Here's a juxtaposition. One the one hand, Tony Blair's partial apology for the Iraq war has reminded us of the greatest failure of New Labour whilst on the other hand, Speri's Tony Payne reminds us that Blair delivered "many substantial achievements" - among them the reduction in pensioner poverty, decent productivity growth and introduction of tax credits.

But what, if any, was the relationship between the two? Was Blair really a split personality PM, being good if limited Dr Jekyll in domestic policy and evil warmongering Mr Hyde in foreign policy?

I suspect not. Here's a theory. Some of the thought processes that took Blair to war were also processes which underlay his thinking about domestic policy. I mean this in four ways:

- An excessive faith in the "intelligence" that told him that Saddam was a threat. This represented a failure to see that knowledge is often severely limited.
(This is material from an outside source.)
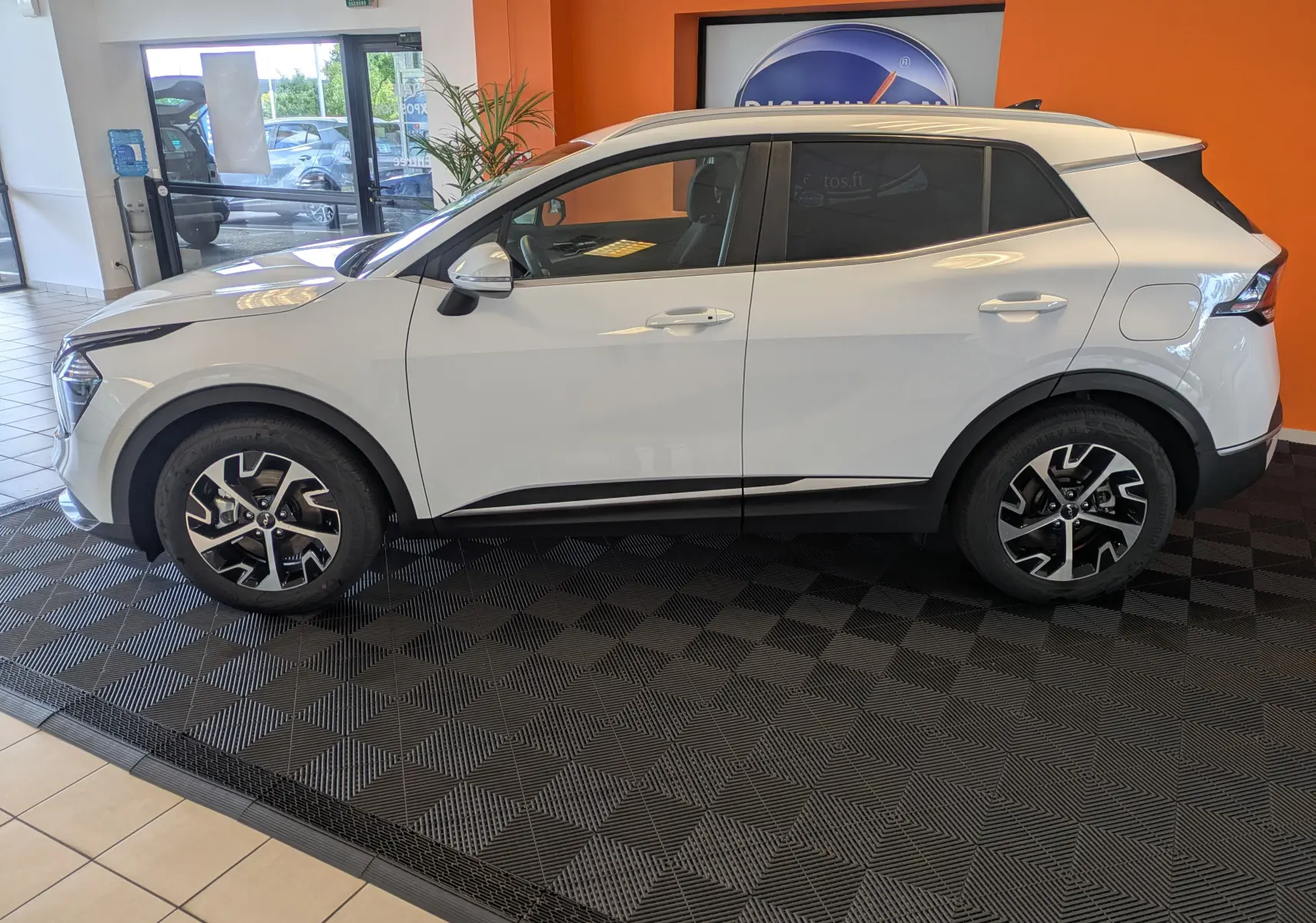 Profil droit du KIA SPORTAGE blanc MY25 avec jantes alliage 18’’ et rétroviseurs rabattables électriquement en showroom.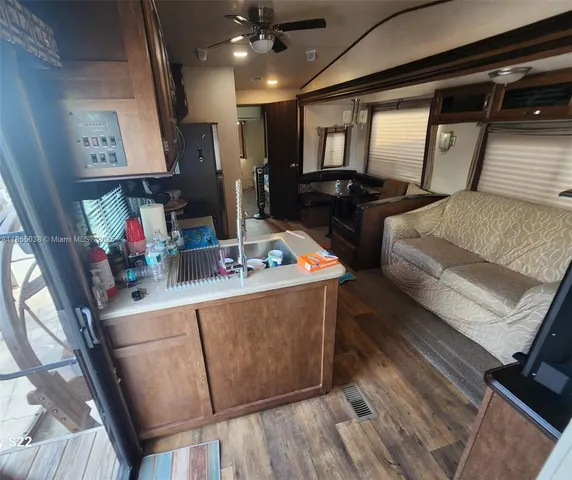 a bathroom with a granite countertop toilet sink and mirror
There's a counterpart to this in domestic policy: the belief that public services can be managed by targets also rested upon a belief that fragmentary dispersed and partial knowledge can be known to a single mind.

- Leadershipitis. A feature of New Labour was a faith in leadership and bosses. Peter Hennessy has described Blair as a "command and control premier" who believed that "you either have a strong and determined approach to the job or, just like that, you have weakness, indecision and chaos.*" This belief in the importance of leaders led to the idea that deposing a bad leader was sufficient to transform Iraq for the better. In both cases, there was a failure to see the limits of leadership and importance of complexity.
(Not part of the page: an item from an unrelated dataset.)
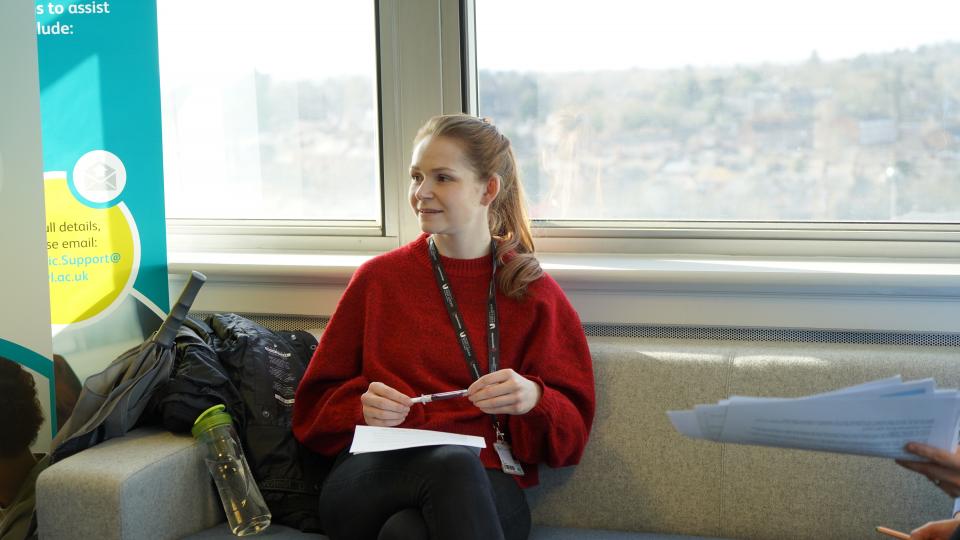 A female student with blonde hair tied back in a ponytail and a red jumper studies on a sofa in our Reading campus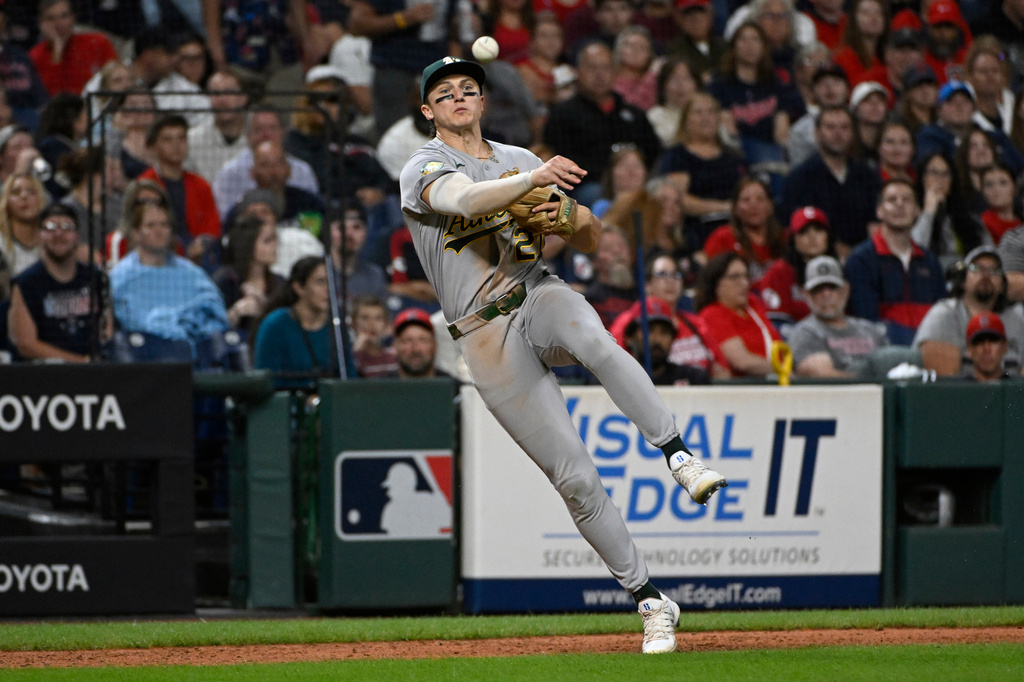 Athletics' Zack Gelof throws out Cleveland Guardians' Jo Adell at first base during the sixth inning of a baseball game, Saturday, Sept. 19, 2026, in Cleveland. (AP Photo/Phil Long)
- Modernity. "If there is a single word that might capture the essence of Labour's social and political project then it is 'modernization'" wrote Alan Finlayson. Blair seemed to believe in a simple linear view of history in which modernity was both self-evident and good. I suspect he had a similar attitude to Iraq: he thought removing a dictator would turn the country into a "modern" liberal democracy. Sadly, it wasn't that simple.

- Deference. Blair was excessively deferential to those in power - both to President Bush and to military intelligence.
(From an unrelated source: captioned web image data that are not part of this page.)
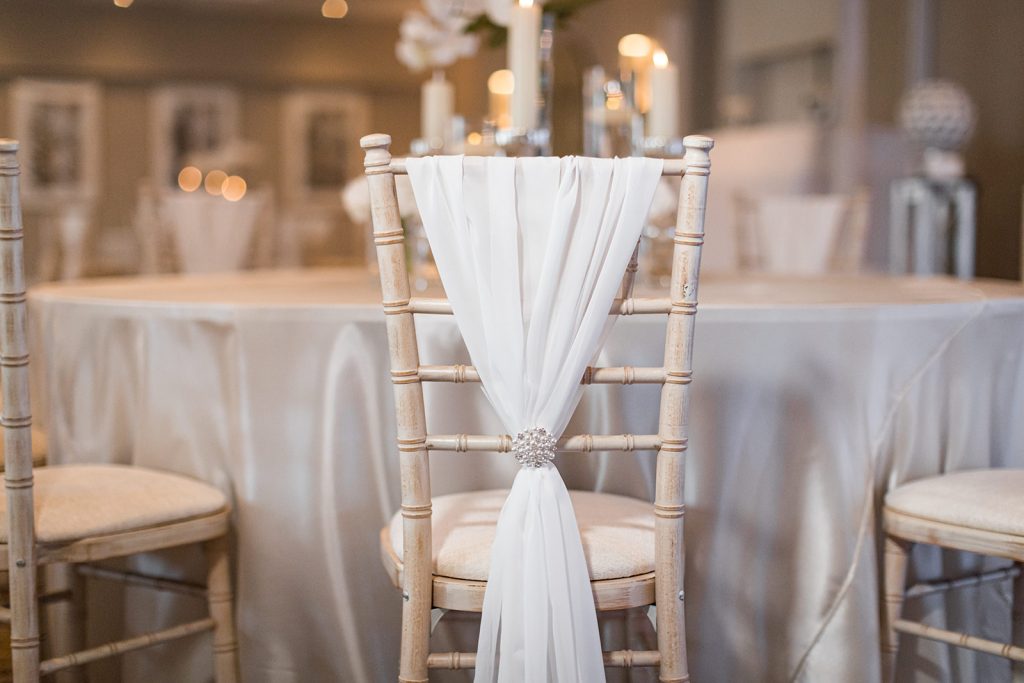 Dusk wedding reception shoot featuring all white styling and couture gowns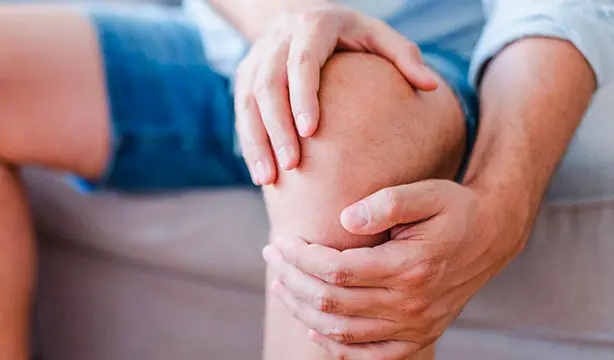 A man experiencing knee pain due to arthritis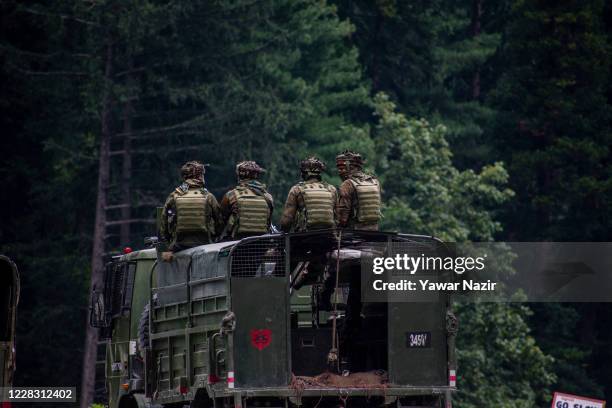Indian army convoy carrying reinforcements and supplies, drive towards Leh, on a highway bordering China, on September 2, 2020 in Gagangir, India....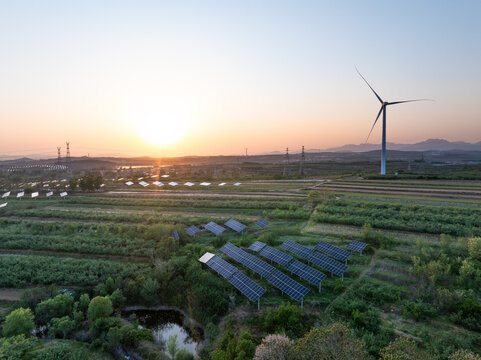 Wind turbine and solar panels on farmland during sunset with rolling hills and green vegetation
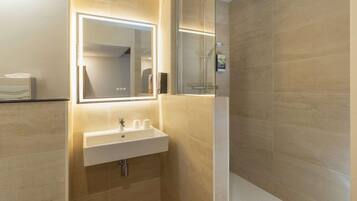 Een moderne badkamer met een douchecabine van glas, een wit wastafelmeubel met een spiegel erboven en behangplaten in beige tinten.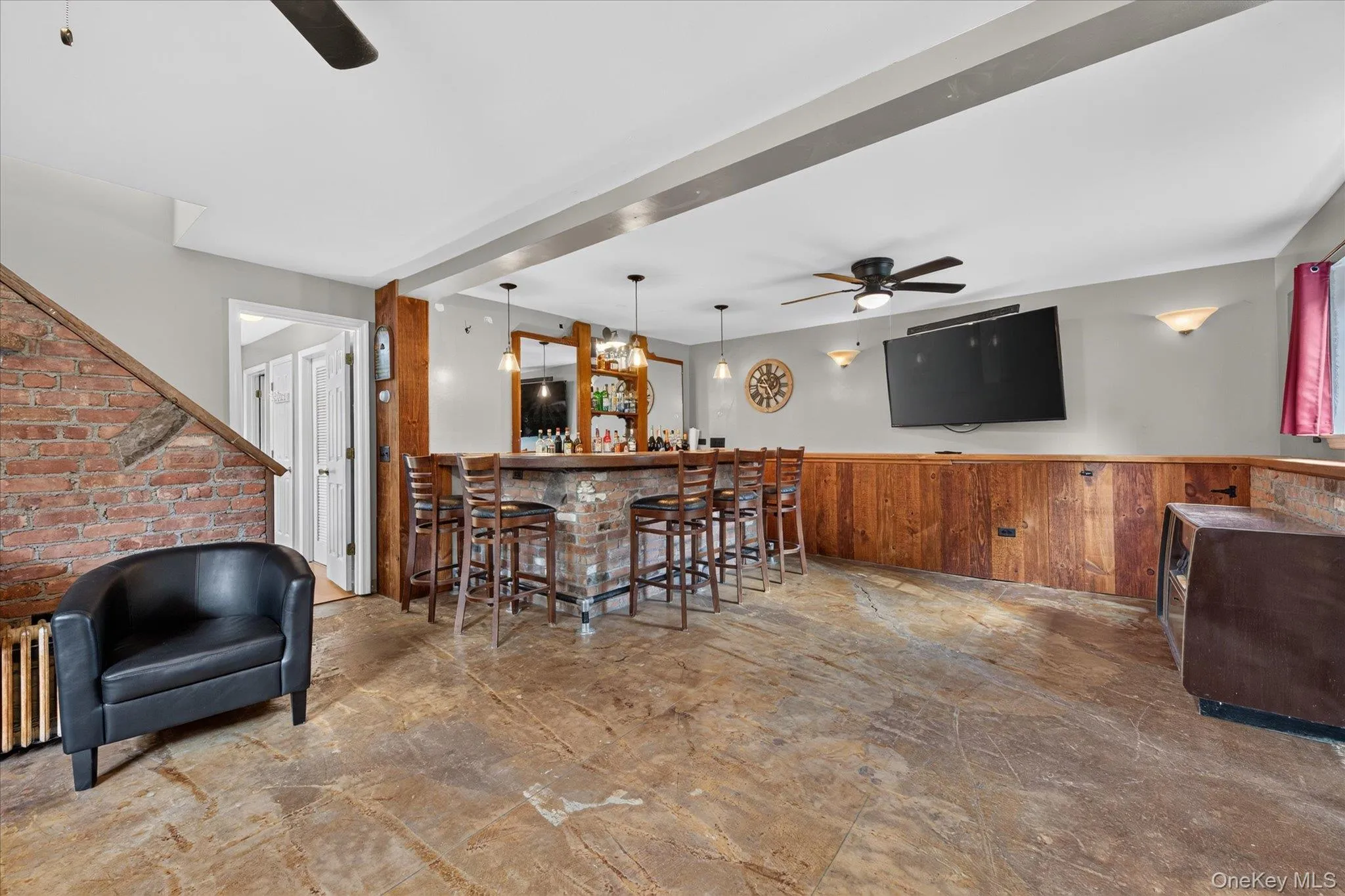 Exposed brick wall, built-in wet bar, wood paneling, ceiling fan, and sconce lighting Exposed brick wall, built-in wet bar, wood paneling, ceiling fan, and sconce lighting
In these senses, the Iraq disaster did not arise from Blair having a personality change. Instead, it was the result of the same ideology he applied to domestic policy - a faith in hierarchy and neglect of the importance of complexity. This ideology also contributed to his some of his domestic failures - such as the failure to increase public sector productivity (pdf) and to restrain the rising power and wealth of the 1%.

In saying this, I don't intend to deny that there were also, as Tony says, significant achievements. And, indeed, these arose in part from the same ideology that yielded failures: without that simplistic faith in "modernity" Blair would not have made Labour so (temporarily!) electable. Strengths and weaknesses are often the same things applied in different contexts .

* "Tony Blair as Prime Minister" in Chadwick and Hefferan, The New Labour Reader.